GUILTY! Folau found to have committed a high-level code of conduct breach
Israel Folau made a homophobic Instagram post last month. Source: ABC News

Israel Folau’s code of conduct hearing has officially concluded that he committed a high-level breach with his social media post saying homosexuals will go to Hell last month. At the time Rugby Australia announced that they intended to tear up his contract, however there is a process to go through first. The hearing was the second stage, following Folau challenging the breach notice issued by RA.

The result was decided by a tribunal consisting of a representative of Rugby Australia, a Rugby Union Players Association representative and a mutually agreeable independent third party. To have his contract torn up Folau needs to have committed a high-level breach – and the tribunal now needs to decide whether the appropriate penalty is a fine, a suspension or dismissal.

Given the post in question remains up on Folau’s page, and that the dual international has not apologised or admitted wrongdoing, it is hard to see any other result than an immediate sacking.
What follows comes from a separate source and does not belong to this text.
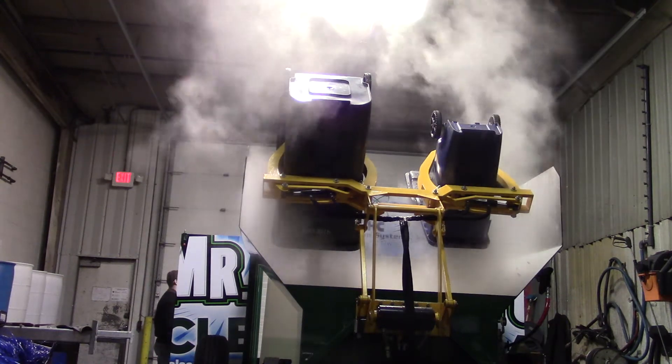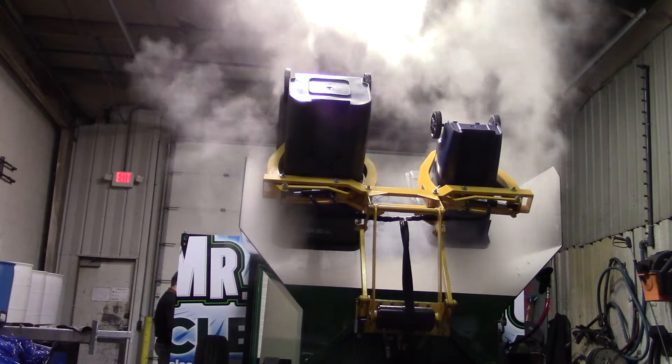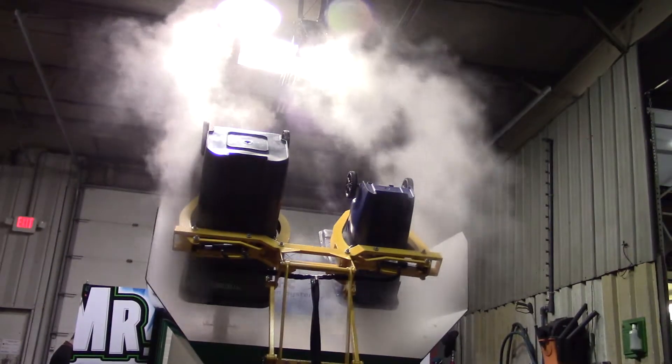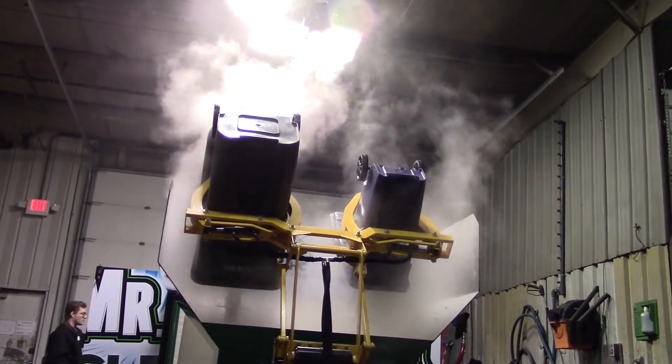You can actually see the bottom of the tank. And we're getting that ultra-high temperature hot water. You can see where it's releasing in the steam. That's what you need when you're cleaning trash carts and wheelie bins.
He has breached the code of conduct, and clearly has no intention of stopping what he is doing.

The process of sacking an RA contracted player for a code of conduct breach can be a long one. First, the player is given a notice that the governing body believes they have broken the code, and the proposed penalty. In this case, the penalty was immediate dismissal. The player is then able to request a hearing, which decides if there was a breach, how serious it was and the appropriate penalty.

The player can then request an appeal, which will result in a new tribunal hearing the same arguments and examining the same evidence. If they uphold the decision of the first tribunal, that’s it from RA’s point of view. However, the player can still take the organisation to court for breach of contract or unfair dismissal – and it is rumoured that the Folau case could end up in the High Court.